It is the tardigrade, or water bear. This tiny creature, less than a millimetre long, has been known to live through temperatures as high as 150°C or as low as minus 272°C, which is close to absolute zero. It can endure 30 years without food or water, survive the deep ocean and even a journey into space.

British and US scientists write in the journal Scientific Reports that they decided to explore events that could possibly sterilise life on Earth.

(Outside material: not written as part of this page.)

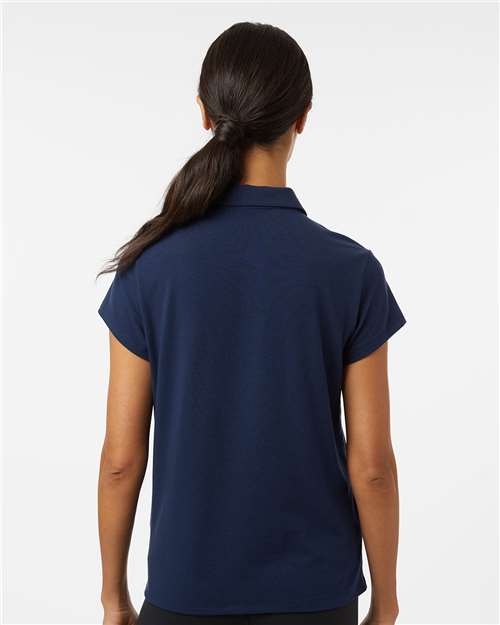 Women's Blended Polo - Solid Collegiate Navy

Although at least one study has found that runaway climate change could in theory heat the planet to such a level that the oceans would boil dry and make life impossible, this was not sudden enough or severe enough.

Ultra-resilience

They supposed three things very unlikely indeed: a direct hit from a dwarf planet or a very large asteroid, or a supernova less than a light month away (the nearest star is four light years away), or a mysterious gamma ray burst event within 40 light years. All these things could boil the Earth’s oceans dry, and at high speed.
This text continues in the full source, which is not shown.